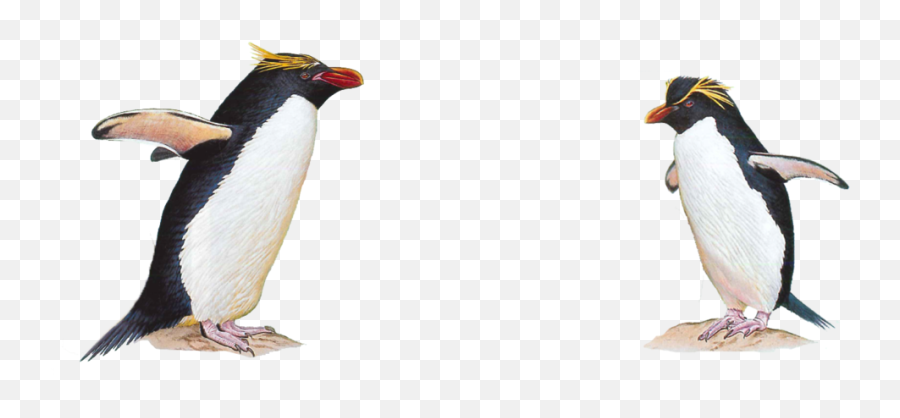 Penguin - Macaroni Penguin White Background Emoji,Penguin Transparent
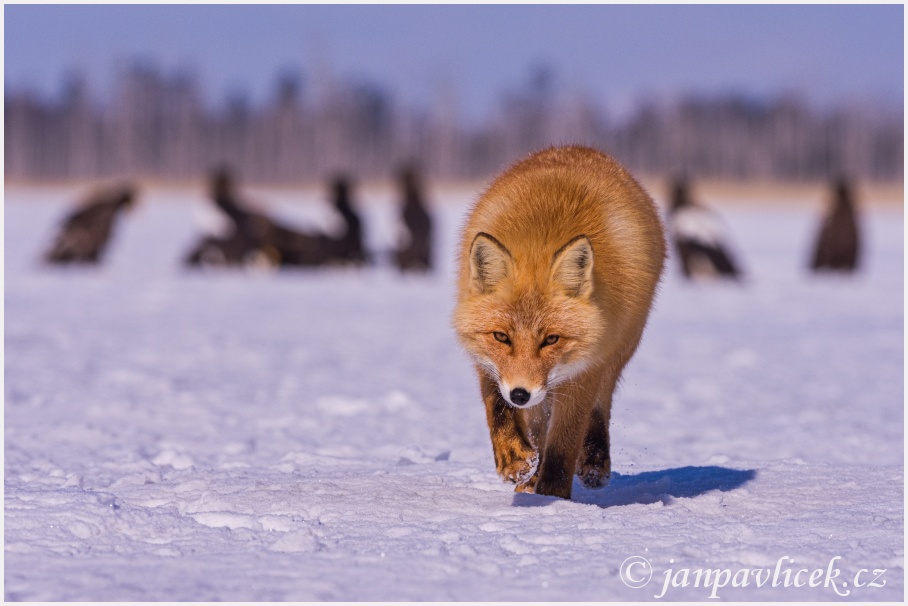 Liška obecná (Vulpes vulpes schrencki) 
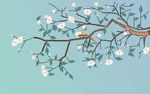 玉兰花鸟画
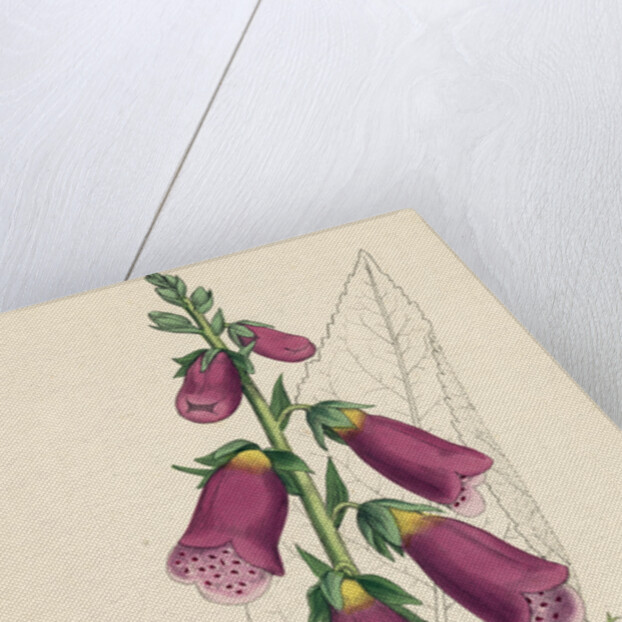 Digitalis Purpurea Purple Foxglove by Anonymous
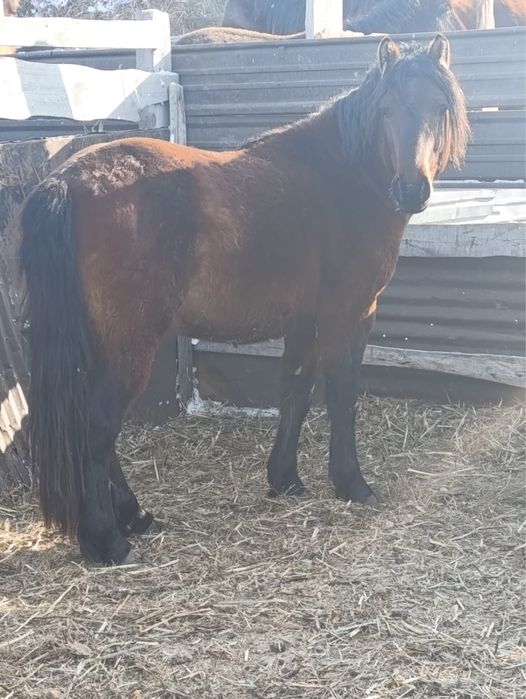 Мұғалжар тұқымды жылқы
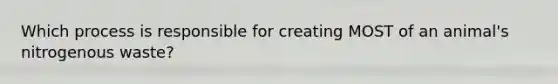 Which process is responsible for creating MOST of an animal's nitrogenous waste?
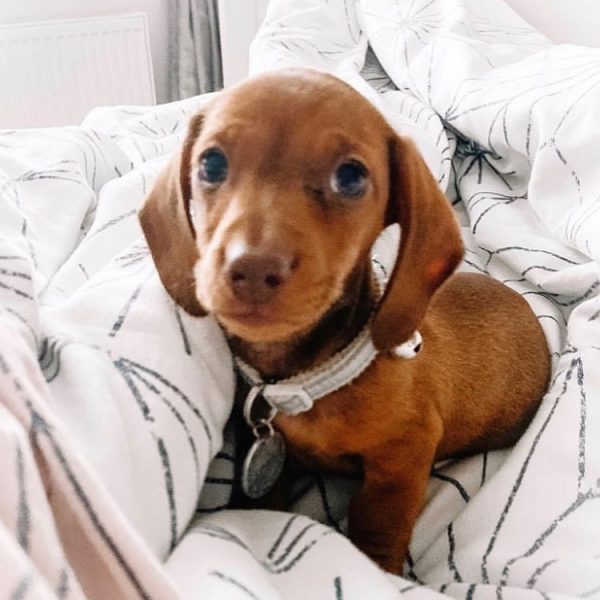 Mini Dachshund Puppies/dachshund Puppies For Sale Near Me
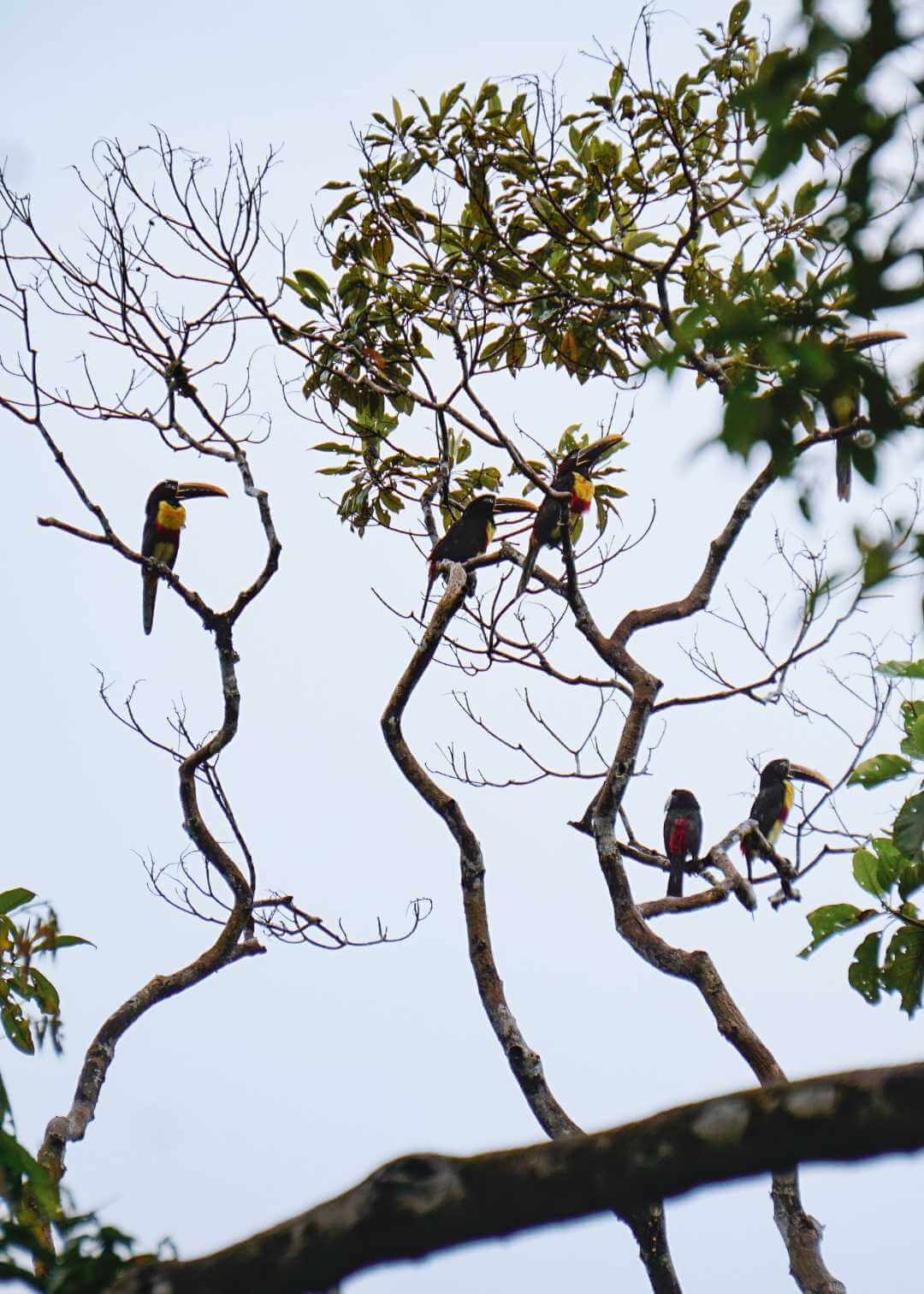 Familia de Tucanes sobre árbol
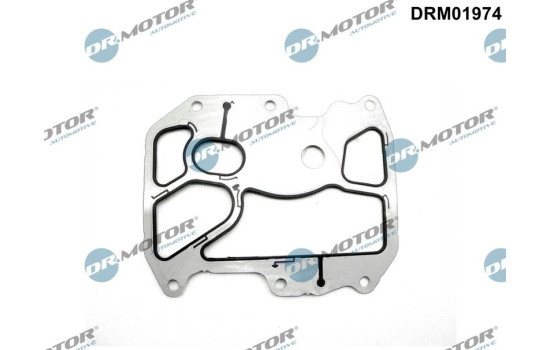 Packning, oljekylare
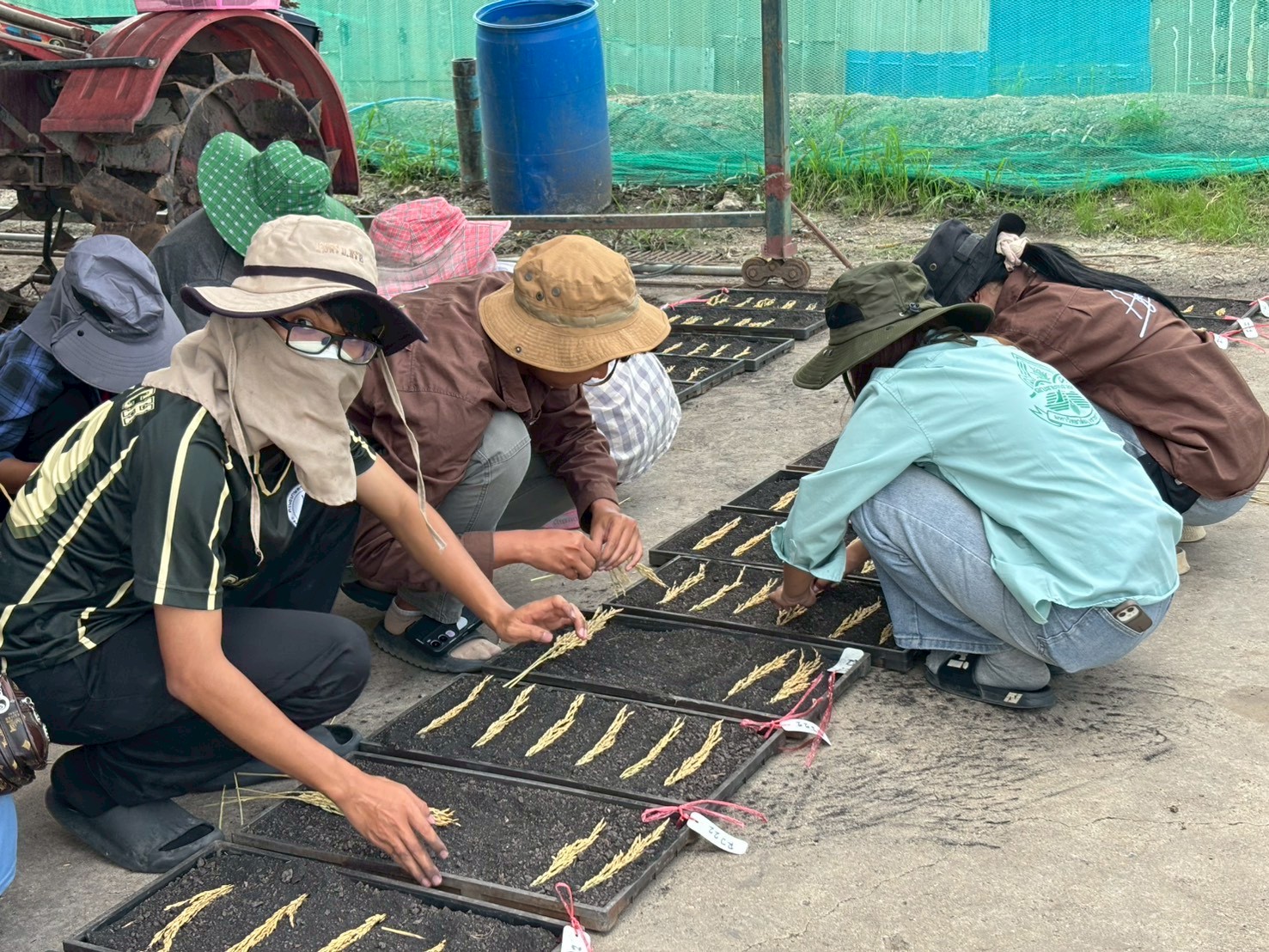 นักศึกษาฝึกงานมหาวิทยาลัยอุบลราชธานี นำเสนอผลการฝึกปฏิบัติงาน ณ สถานีวิจัยรวมใจพัฒนาความรู้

### Instructions to follow
Retype exactly the lines from the line containing "Mini Dachshund Puppies/dachshund" through the end of the entries above, including both ends, and leave every picture out.

### Expected answer
 Mini Dachshund Puppies/dachshund Puppies For Sale Near Me
 Familia de Tucanes sobre árbol
 Packning, oljekylare
 นักศึกษาฝึกงานมหาวิทยาลัยอุบลราชธานี นำเสนอผลการฝึกปฏิบัติงาน ณ สถานีวิจัยรวมใจพัฒนาความรู้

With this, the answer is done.